Подробный рассказ о перенесении «мощей» Федора Ростиславича в «церковь святого Спаса» содержится в летописях Софийской второй и Львовской. Здесь прежде всего подчеркивается активная роль в этом деле ярославского князя Александра Федоровича, который называется «старейшиной града». Затем под 1467 г. в тех же летописях рассказывается о своеобразной экспертизе «мощей», проведенной ростовским протопопом Константином по распоряжению ростовского архиепископа Трифона. Константин должен был «дозрети… чюдотворцев, како будет в теле ли лежат, како исцеления много сотворяют, не неприязньство ли действуют на прелщение человеком». Из летописного текста ясно, что миссия Константина в Ярославль была вызвана двумя обстоятельствами. Во-первых, появление в Ярославле новых «чудотворцев» подымало его церковный (а следовательно, и политический) престиж по сравнению с Ростовом, а это было нежелательно ростовским церковным властям.
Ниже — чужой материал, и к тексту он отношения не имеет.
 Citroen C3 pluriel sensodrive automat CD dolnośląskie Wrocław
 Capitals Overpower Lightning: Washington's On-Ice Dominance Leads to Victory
Поэтому, прибыв в Ярославль, ростовский протопоп прежде всего потребовал от архимандрита Спасо-Ярославского монастыря Христофора, чтобы тот воздал ему «честь» как «послу владычню». Во-вторых, ростовский архиепископ, конечно, претендовал на долю тех доходов, которую Спасо-Ярославский монастырь получит с населения, приходящего на поклонение новым «чудотворцам». Константин очень беспокоился, что монастырь «сим чудотворением много богатество приобрете». Своеобразная распря ростовского архиепископа и ярославского архимандрита по вопросу о политическом влиянии и экономическом преобладании закончилась, согласно летописной версии, в пользу последнего. Когда Константин захотел «обнажить» для осмотра тела князей, он якобы потерял способность говорить и двигаться и поправился только после того, как покаялся в своем грехе. Ростовский же архиепископ, узнав о случившемся в Ярославле, также заболел, вынужден был оставить Ростов и «повеле себе везти» в Спасо-Ярославский монастырь, где и прожил до самой смерти [2412] .
2412
ПСРЛ, т. VI, стр. 185–186, 187; т. XX, стр. 276–278.
Несомненно, что рассмотренный рассказ ставит своей задачей пропаганду роли Ярославля как церковного центра, а под религиозной оболочкой такая пропаганда была направлена к тому, чтобы возвысить Ярославское княжество политически.
Запоздалая для второй половины XV в. (когда шел процесс образования Русского централизованного государства) попытка (исходящая из среды сепаратистски настроенных кругов светских и духовных) выдвинуть на передовую арену политической жизни Ярославское княжество встретила ироническое к себе отношение на страницах Ермолинской летописи. Ирония заключается в том, что, по мысли составителя рассказа, имеющегося в указанном памятнике, культ новых «чудотворцев» привел не к тем последствиям, на которые рассчитывали его организаторы. Искусственное культивирование памяти старых ярославских князей не помогло подъему политического значения князей современных. Они скоро потеряли свои владения, перешедшие к московскому великому князю. Такая мысль выражена в крылатой фразе Ермолинской летописи: «сии бо чюдотворци явишися не на добро всем князем ярославским, — простилися со всеми своими отчинами на век, подавали их великому князю Ивану Васильевичу, а князь велики противу их отчины подавал им волости и села…» [2413]
2413
ПСРЛ, т. XXIII, стр. 157–158.
Приведенный текст интересен с двух точек зрения: 1) с точки зрения своего идейного содержания, отражающего настроения определенной социальной группы; 2) в плане значения его как источника для изучения процесса включения Ярославского княжества в состав Русского централизованного государства.
Что касается первого вопроса, то я уже указывал в главе третьей, что изучаемое место Ермолинской летописи выражает настроения московских горожан, заинтересованных в ликвидации удельной системы, уверенных в победе великокняжеской власти над сепаратистами различных феодальных центров и поэтому воспринимающих потуги последних отсрочить время своего падения как попытку с негодными средствами. Отсюда сатирический оттенок в изображении Ермолинской летописью появления в Ярославле князей-«чудотворцев».